Op de ontbinding van een huurovereenkomst is het regime van het algemene verbintenissenrecht en het stelsel van artikel 6:265 BW van toepassing. Ingevolge artikel 6:265 lid 1 BW geeft iedere tekortkoming van een partij in de nakoming van een van haar verbintenissen aan de wederpartij de bevoegdheid om de overeenkomst geheel of gedeeltelijk te ontbinden, tenzij de tekortschietende partij aantoont dat de tekortkoming, gezien haar bijzondere aard of geringe betekenis, deze ontbinding met haar gevolgen niet rechtvaardigt of een geslaagd beroep doet op de beperkende werking van de redelijkheid en billijkheid.
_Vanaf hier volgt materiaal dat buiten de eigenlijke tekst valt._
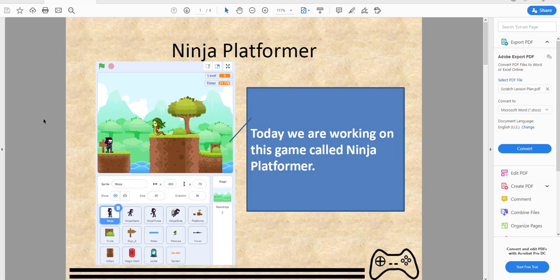Hello and welcome back to Kids Coding Playground. Today we're looking at a game called Ninja Platformer. I know this kind of game is really popular among kids who are coding in Scratch, so I thought I'd give it a try and make one myself and teach you guys along the way.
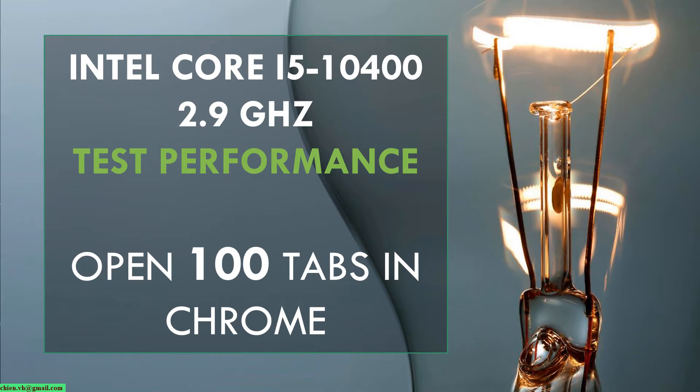Hi, in this video today I would like to show you how to test the performance for the Intel 10th generation Core i5-10400 at 2.9 GHz.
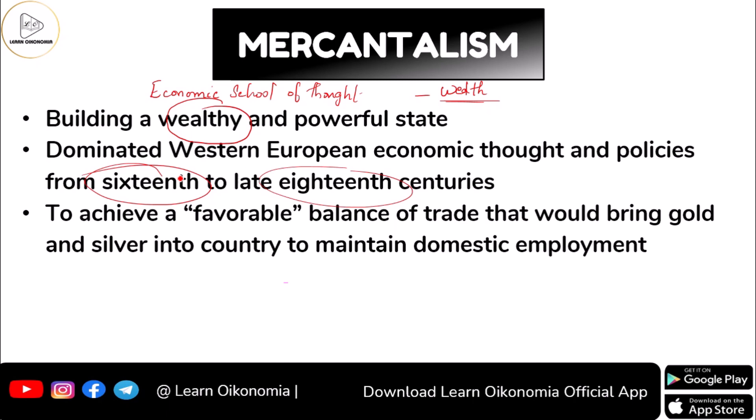Mercantilism was saying that if you want to attain a favourable balance of trade, that would be beneficial for you. It says that in order to attain a favourable balance of trade, that could bring gold and silver to their own home countries. So they were following a favourable balance of trade policy, wanting more gold and silver brought in. They believed that only with more gold and silver would the country become rich.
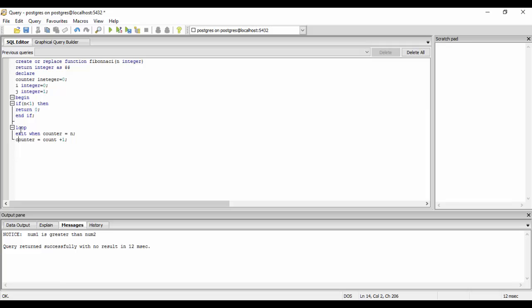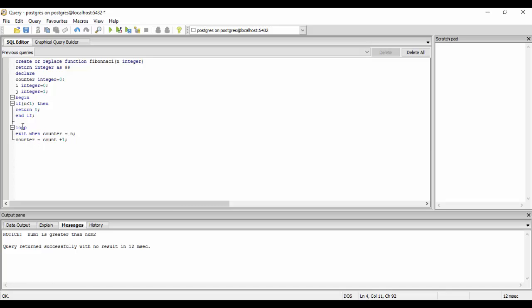For example, if the value of counter is 0, it comes into the loop and checks if counter is equal to n. For example, if I pass n as 2, it checks if it is 2, it returns false, it executes the statement, counter becomes 1 now. Comes again back to this loop and checks this condition again. Exit when counter equal to 2. Exit when counter equal to 1. It is equal to 1 now, but we have to exit at 2, so it will run again. Counter becomes 2 now, gets into this loop, and checks if counter equal to 2. Yes, it is now equal to 2, so it exits now. This is the basic formation of a loop.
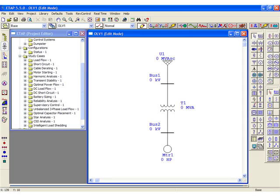Let's continue entering data for the one-line diagram we just created. We'll begin with entering the voltage information for this module.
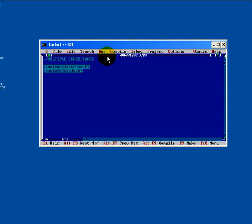Just have a look on a program related to multiple inheritance. We will create a class named M with a protected section.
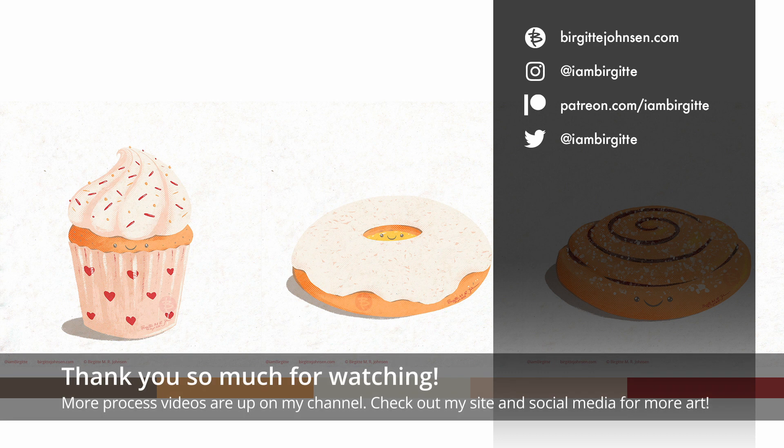Thank you so much for watching. More process videos are up on my YouTube channel, and for more of my work, check out my website and my social media accounts.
In de onderhavige zaak is het derhalve allereerst van belang om vast te stellen of [rechthebbende] tekort is geschoten in de nakoming van zijn verplichtingen voortvloeiend uit de huurovereenkomst.

5.2

Ten aanzien van de door Woonstad gestelde huurachterstand heeft [gedaagde] aangevoerd dat er op enig moment wel een huurachterstand is ontstaan, maar dat met betrekking daarop inmiddels een betalingsregeling is getroffen. Tijdens de comparitie van partijen heeft Woonstad verklaard dat er inderdaad een regeling is getroffen in het kader van de huurachterstand en dat die regeling door [rechthebbende] wordt nagekomen. Het gevorderde bedrag aan huurachterstand is derhalve thans niet opeisbaar en kan dan ook geen deugdelijke grond zijn voor de gevorderde ontbinding en ontruiming.

5.3

Woonstad legt verder aan haar vordering ten grondslag dat [rechthebbende] , in strijd met hetgeen expliciet in artikel 6.1 van de toepasselijke algemene voorwaarden is bepaald, niet zijn hoofdverblijf in het gehuurde heeft. Ter onderbouwing van die stelling heeft Woonstad aangevoerd dat tijdens de rondgang in de woning op 16 februari 2016 door haar medewerker en [G.] , geen persoonlijke spullen van [rechthebbende] zijn aangetroffen zoals bijvoorbeeld post, kleding en/of medicijnen. Daartegen heeft [gedaagde] niets anders ingebracht dan zijn algemene verweer dat ‘alles wat Woonstad aanvoert niet juist is’. Het had echter op zijn weg gelegen om deze constatering van Woonstad gemotiveerd te weerspreken, omdat het ontbreken van enige persoonlijke bezittingen van de huurder in een woning het vermoeden oplevert dat de huurder zijn hoofdverblijf niet in het gehuurde heeft. Dat vermoeden wordt in het onderhavige geval versterkt door het volgende.

5.4

Woonstad heeft bij dagvaarding drie verklaringen in het geding gebracht. Uit twee anonieme verklaringen van omwonenden van het gehuurde (getuigen 1 en 2) kan worden opgemaakt dat [rechthebbende] het gehuurde niet zelf bewoont. Een derde persoon (getuige 3), de buur van de woning van de vrouw/vriendin van [rechthebbende] aan de [straat- en plaatsnaam 2] , verklaart dat [rechthebbende] al zeker twee jaar naast haar/hem woont, met een vrouw en twee jonge kinderen.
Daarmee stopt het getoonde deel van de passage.